Deep Learning is a summary term for any approach that employs neural networks that consist of a large number of layers. Many aspects of Deep Learning are therefore inherited from “traditional” artificial neural networks.
Shallow and Deep Neural Networks
Shallow neural networks are networks that possess only a few hidden layers. Deep neural network possess a potentially very large number of hidden layers. The reason why a large number of hidden layers increases the capabilities of a neural network is based on the principle that data can be represented at different levels of abstraction. Lower levels of abstraction are used closer to the input layer, and higher levels of abstraction are used closer to the output layer. Accordingly, deep neural networks can extract features from data at increasingly higher levels of abstraction. Training such a large number of layers has become possible thanks to improvements in learning algorithms and back propagation.

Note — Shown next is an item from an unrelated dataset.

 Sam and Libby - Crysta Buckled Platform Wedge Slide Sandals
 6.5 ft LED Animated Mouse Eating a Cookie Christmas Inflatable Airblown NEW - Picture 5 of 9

But Deep Learning is more than a simple improvement and upscaling of existing algorithms. Deep Learning has also introduced more diverse network types. This includes network types that are particularly suitable for dealing with temporal data or spatial data. Thanks to these additional network types, Deep Learning can be used in many end-to-end learning scenarios.
End-to-End Learning
Traditional machine learning made it possible to replace some components of a data processing pipeline that were previously programmed by hand with algorithms that are trained on data. Since traditional machine learning models cannot handle high dimensional unstructured data such as raw video images or raw audio, many hand programmed algorithms are still required to pre-process raw data and extract low dimensional features from it. These features can then be passed into a machine learning model. With Deep Learning, machine learning models can be created that are sufficiently powerful to directly deal with raw data. Accordingly, the feature extraction step no longer needs to happen before data is passed into the model. Rather, this step happens within the model and is learned by model alongside all the other data processing aspects during training. Training such a model on raw data is called End-to-End learning.
Recurrent Neural Networks
Conventional artificial neural networks have no notion of time or sequence. These networks don’t take into account the sequence in which data instances are presented to them. Accordingly, these networks cannot learn sequential dependencies and correlations. But such dependencies play an important role in many domains such as language or music. In spoken or written language, it is obvious that the form and choice of a word depends on other words that have appeared earlier in a sentence. Conventional artificial neural networks are not able to capture this.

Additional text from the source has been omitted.